Il risultato lordo di gestione si attesta a 3.146 milioni di euro, con un incremento del 20,8% rispetto al quarto trimestre 2013. Al netto degli elementi non ricorrenti, l’aumento è pari al 16,6%. A perimetro e tassi di cambio costanti, la crescita per le divisioni operative è del 6,2%. 

Il costo del rischio, pari a 1.012 milioni di euro, è globalmente stabile (-0,4% rispetto al quarto trimestre 2013) e si attesta a 60 punti base in rapporto agli impieghi a clientela. 

Il Gruppo registra l’impatto eccezionale di un accantonamento supplementare di 50 milioni di euro sui costi futuri del remediation plan annunciato in occasione dell’accordo globale con le autorità degli Stati Uniti. Nel quarto trimestre 2013, il Gruppo aveva registrato un accantonamento di 798 milioni di euro (1,1 Md$) in vista di tale accordo. 

Gli elementi non ricorrenti ammontano a -190 milioni di euro ed includono in particolare nel trimestre una rettifica di valore dell’avviamento di BNL bc per -297 milioni di euro. Nel quarto trimestre 2013, il loro importo era di -30 milioni di euro e comprendeva elementi non ricorrenti per 
-252 milioni di euro.

L’utile ante imposte si attesta a 1.894 milioni di euro (761 milioni di euro nel quarto trimestre 2013). Al netto degli elementi non ricorrenti (10), si evidenzia un incremento del 17,5% rispetto allo stesso periodo dell’anno precedente.

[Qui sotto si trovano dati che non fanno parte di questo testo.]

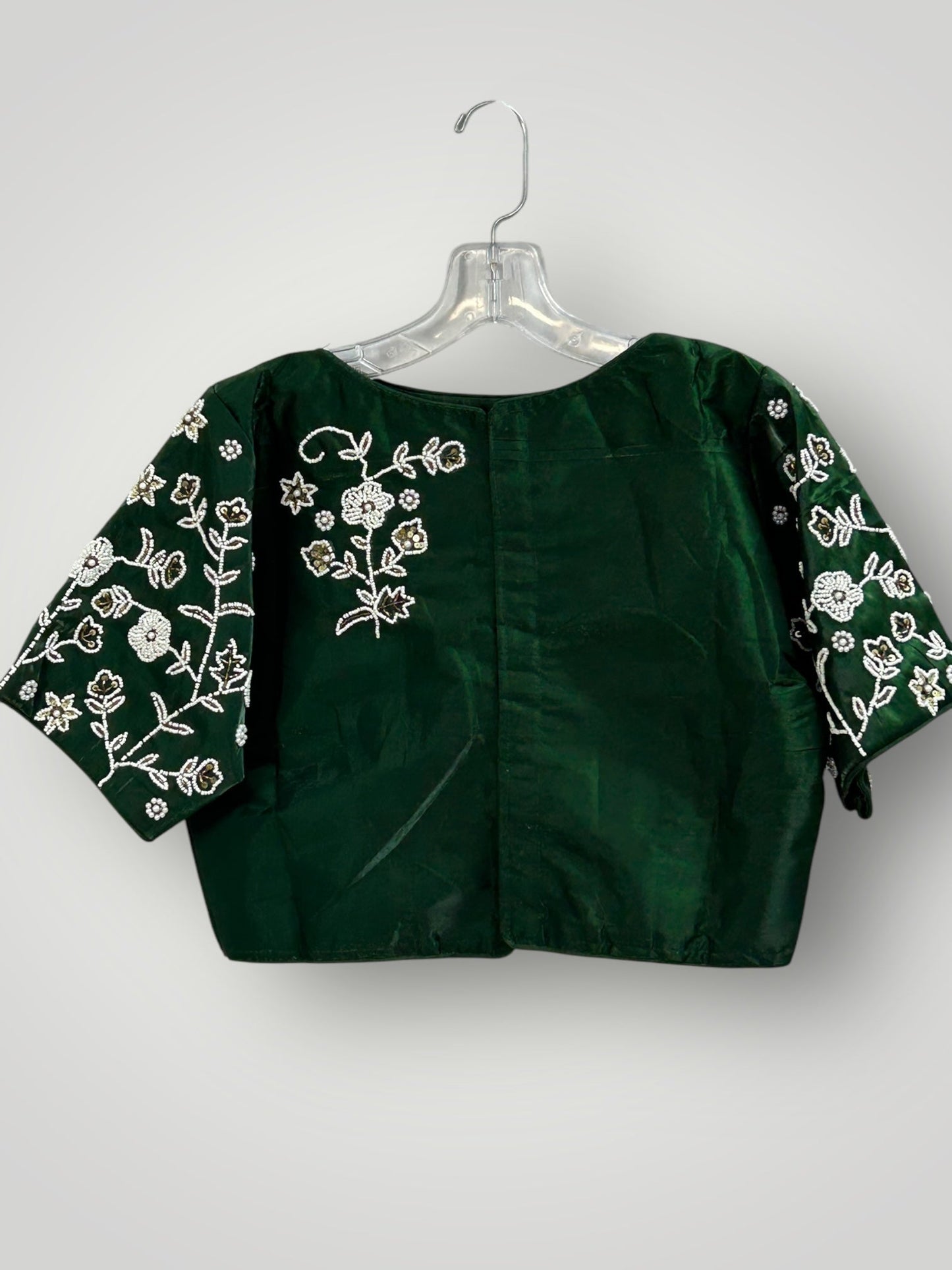 Boat neck blouse : dark green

BNP Paribas realizza quindi nel quarto trimestre 2014 un utile netto di Gruppo di 1.304 milioni di euro (110 milioni di euro nel quarto trimestre 2013). Tale dato, al netto di elementi non ricorrenti (9), è pari a 1.785 milioni di euro.

 

(1) A perimetro e tassi di cambio costanti, al netto di elementi eccezionali
(2)A perimetro e tassi di cambio costanti
(3) Compreso il 100% del Private Banking delle reti domestiche, di BancWest e di TEB (al netto degli effetti dei conti PEL/CEL)
(4) Vedi pag. 33 del comunicato stampa
(5) Rapporto che tiene conto dell’insieme delle regole della direttiva CRD4, senza disposizione transitoria
(6) Rapporto che tiene conto dell’insieme delle regole della direttiva CRD4, senza disposizione transitoria, calcolato in conformità con l’atto delegato della Commissione Europea del 10 ottobre 2014
(7) Compresa la sostituzione a venire degli strumenti di Tier 1 diventati “non eligible” con strumenti equivalenti “eligible”
(8) Non rivalutato
(9) Compreso il 100% del Private Banking delle reti domestiche, di BancWest e di TEB (al netto degli effetti dei conti PEL/CEL)
(10)Vedi pag. 33 del comunicato stampa

 

Leggere il comunicato stampa “Gruppo BNP Paribas: risultati al 31 Dicember 2014”
View the slides of the presentation (in inglese)
Consult the consolidated financial statements (unaudited)(in inglese)
View the Quarterly Series (in inglese)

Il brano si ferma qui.